Honestly that's very nice money and more than I make full time. I'd happy take a role like that and work (10 hours per week?). Even if I wasn't that keen on the role (that's 30 hours per week to do what I want!)
I'm not sure where the company nor the employees are based, but it does seem ridiculously high and probably more than what 90% of the people in this world earns while working full-time. With that high salary and low amount of hours, I would personally feel bad, as the contrast against my peers and people around me would be too high.
But then you’d also be able to afford spending it helping your community and giving some to local or non-local charities
Heck; I’ve always thought that the first thing I’d do after winning the lottery would be paying off my parents’ mortgage ¯\_(ツ)_/¯ (disclaimer: haven’t won yet)
Indeed I could, but I much rather hire two co-workers and cut my salary is three pieces and give them one piece each, if it would come to that. Life's more than money and people jump on the chance to do something they find is meaningful.
You might feel that way but remember how much profit tech companies make. I know of small companies that make millions in profit and don't pay their staff even competitive rates. Diverting a bit more of that profit into someones salary seems fine to me. The example here is Gumroad which is very profitable.
Money is not how you count if you made it. I made as much as OP at that age (and am now a few years older) and I'm very far from making it. Millions don't go as far as they used to when everyone around you is even richer.
With all due respect, your comment suggests that you were spending beyond your means, or keeping up with the Joneses. Millions go very far if invested properly and drawn down properly so that the principal is never touched. If you're spending the millions instead, then yeah, that's definitely not gonna go far.
There's a huge trough in what you can do with what you can buy when you earn between $80k a year and ~$8m.
It's the same shit just better.
Your shitty commuter house 3 hours out of town is now a mansion 20 min outside of town. Your shitty 1990 ford fiesta is a very nice 2020 BMW. Your shitty healthcare plan is a great healthcare plan, but the main difference is how nice the plants at the doctors office are. If you want to get a divorce your new partner looks a lot better than your old one. Your furniture isn't chipboard from Ikea, it's hand made ethically sourced mahogany. Your flights aren't economy class, they are business+/first class. You don't have to run your washing machine, you pay someone to do it.
If you want anything interesting, like say a nuclear reactor in your basement, or a jet two seater Canard, you can't afford it because no one makes it. Unless you have the connections to start a company to make them, or have literal billions lying around, you don't have the resources to do anything but live middle class+.
Sure if you try to go up in quality you hit diminishing returns. Not quantity though. $80k and you're working for the rest of your life. $8m and you retire at the end of the year.
Respectfully - and I'm sure i'm just missing something - but I still don't actually understand what you do.

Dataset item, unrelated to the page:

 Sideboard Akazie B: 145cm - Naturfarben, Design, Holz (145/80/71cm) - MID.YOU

The only thing I can see that makes you money is a subscription service to help people how make money on the Internet.
It really depends and I don't track my time all that well, though one of my 2021 things I'm doing is trying a bit of time tracking, just for my own sake / more visibility on how I spend my day.

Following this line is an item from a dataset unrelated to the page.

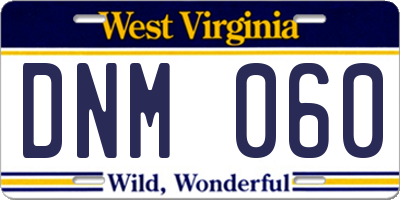 WV license plate DNM060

their official deal is well known - it's a quarter time role so formally about 10 hours a week. of course, the time they end up actually putting in is up to them.
People don't realize that as a contractor, you can write off the room you're using for your office. As a remote employee you cannot. For people living in high rent areas, that's significant.
Where I live that office has to be a "proper office" in a sense, where you could have clients stopping by. Not just working from a room next to your exercise bike and laundry. Here the tax law is mostly written with hair stylists and others in mind, using a room for customers with its own entrance.
Countries like the Netherlands expect you to have a separate entrance and bathroom before you can claim it. Others allow you to claim a percentage of your living space and utilities. It varies around the world.
Sites like HN, reddit, Twitter etc are de facto US based, assume if no country or jurisdiction is specified that it's the US. Now, which state it is in the US is a different matter.
That's fine, some people are of course. But when you look at what people mean when they provide no jurisdiction, it always seems to mean the US. That's all I meant by de facto US based, because if it weren't, wouldn't people state the jurisdiction as "US"? They don't, so it must mean that the US is what is assumed.
You can in Australia. I am and have done so for many years. This was also the case prior to Covid. The tax office did make some changes last year to make it easier for people to write off certain expenses when working from home. [1]
These changes did not impact me though however, as the new "quick and efficent" method still provided me with a much smaller tax return than documenting all of my own costs. [2]
Not always. Highly dependent on country/state and actual usage of space (dedicated office space vs a desk/chair in the corner of the bedroom). Hire a CPA if you are unsure.
> In practice, we pay everyone hourly based on their role. The range varies from $50 (customer support) to $250 (Head of Product) an hour.
> Recently I standardized our rates world-wide
> We also have an “anti-overtime” rate: past twenty hours a week, people can continue to work at an hourly rate of 50 percent. This allows us to have a high hourly rate for the highest leverage work and also allows people to work more per week if they wish.